NORFOLK — It was pandemonium in Lincoln. The final seconds were ticking off the clock in Pinnacle Bank Arena and the Norfolk Panthers were set to win their first boys state basketball championship since 1987.
Faces in the crowd were screaming, high fiving, and moving to the beat of ‘Jump Around’ by House of Pain. Ben Ries, the architect of the foundation of the 2017 Norfolk team, smiled and gave a thumbs up. Then it was back to work.
“I just also remember talking to our students and our administrative team about making sure we’re classy, and win this the right way, and be respectful of our opponents,” Ries said.
Ries, the Norfolk High Activities Director, did crowd control and congratulated the coaches right after the win. If this were one year earlier, he would have been hugging players and handing out medals as the team’s head coach.
But Ries stepped back from basketball after the 2016 season, despite having a group of seven seniors returning on his roster.
“It was challenging to leave that group behind because I knew how talented they were, but I also had to measure that against this is an opportunity that doesn’t come along very much,” Ries said. “And as much as I love basketball, I love Norfolk High School just as much.”
And that love for the school was evident as he was quick to point out the efforts of the cheerleaders, dance team and student section. So it wasn’t a bittersweet moment on Saturday. In fact, it was a reflective one.
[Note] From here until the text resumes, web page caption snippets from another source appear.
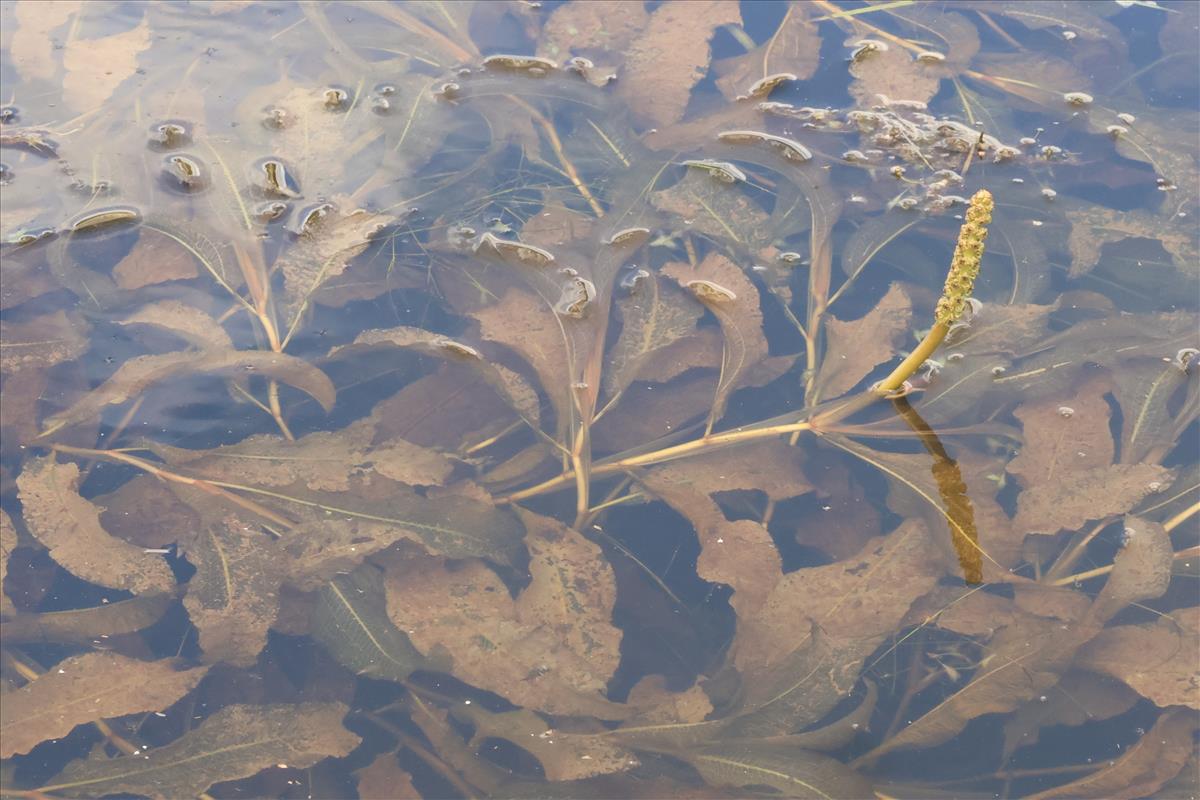 Potamogeton lucens (door Willem Braam)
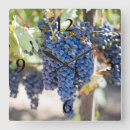 Recherche de vignobles horloges Fruits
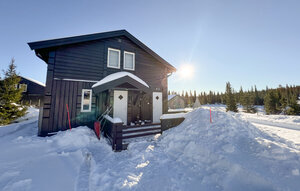 Holiday Home - Sjusjøen , Norway - N31774 1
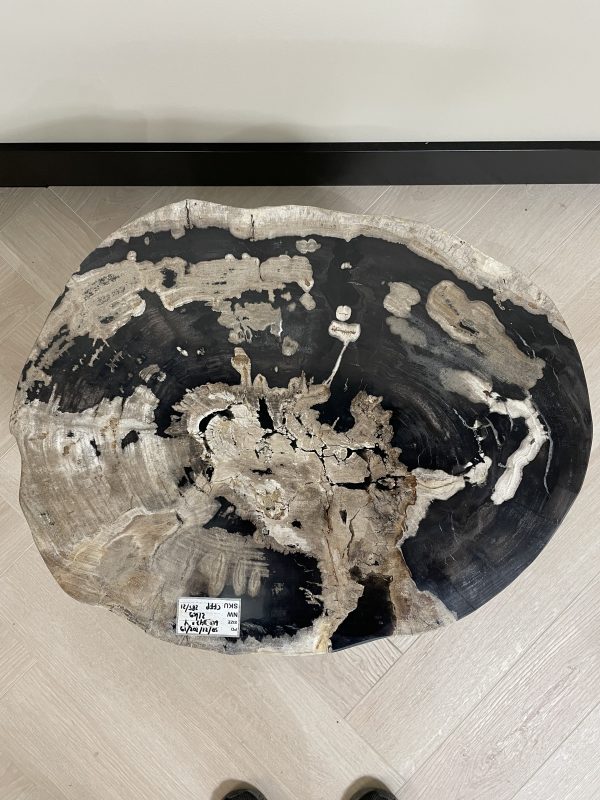 Couchtisch aus versteinertem Holz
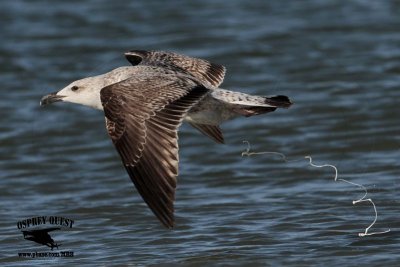 _MG_5738 Great Black-backed Gull.jpg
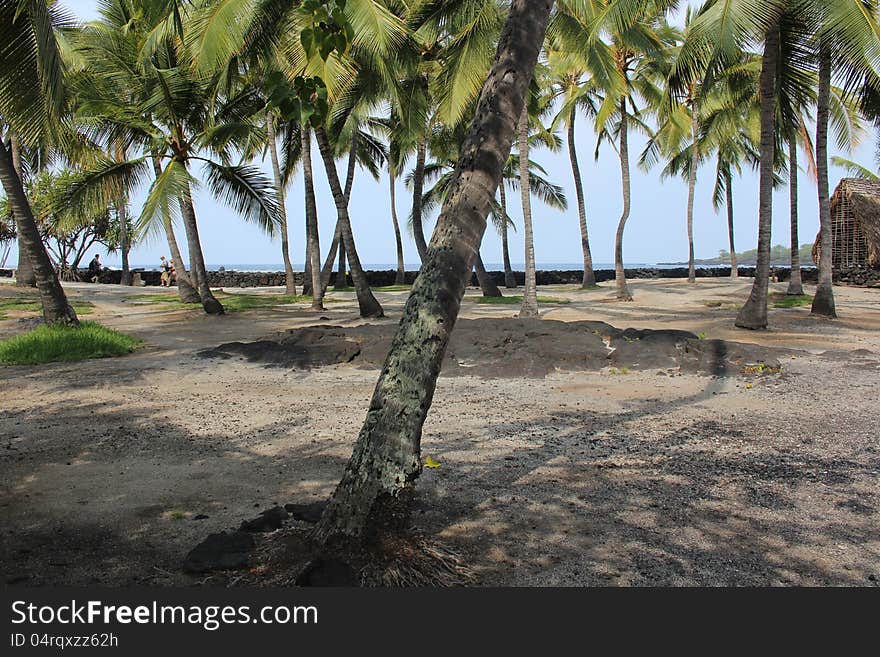 Shady Coconut Grove in Hawaii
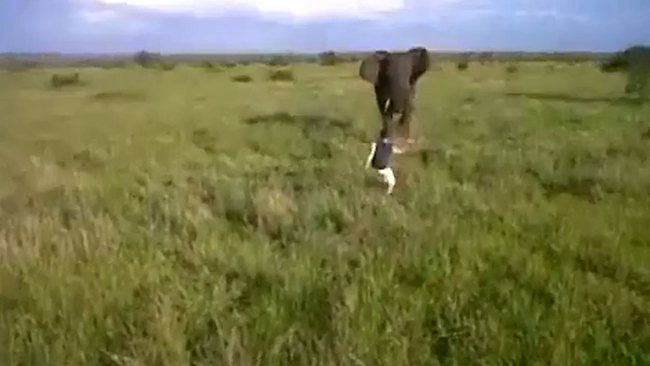 Fotografia pentru care un barbat a platit cu viata, in vacanta. Turistii au strigat degeaba spre el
“I had a chance to just reflect and think about what a great road it was for our program over the last 14 or 15 years,” Ries said. “It was really gratifying for me to just watch the whole big picture of everything that had come together in those last few moments.”
He was also quick to highlight the advantage provided by his successor, Tony Siske’s, calm and confident demeanor. And Siske’s humble nature was on display when talking to media postgame.
“Coach Ries has done a great job building the Panther program and this is a result of his hard work,” Siske said in the postgame press conference.
So while Siske and the players faced the cameras, the man who put the pieces in place for a championship run, was off celebrating with his family.
“It’s tough for coaches and administrators because we’re highly invested in what’s happening with our school and our respective programs that when you get those opportunities to see your kids and family it’s really gratifying,” Ries said.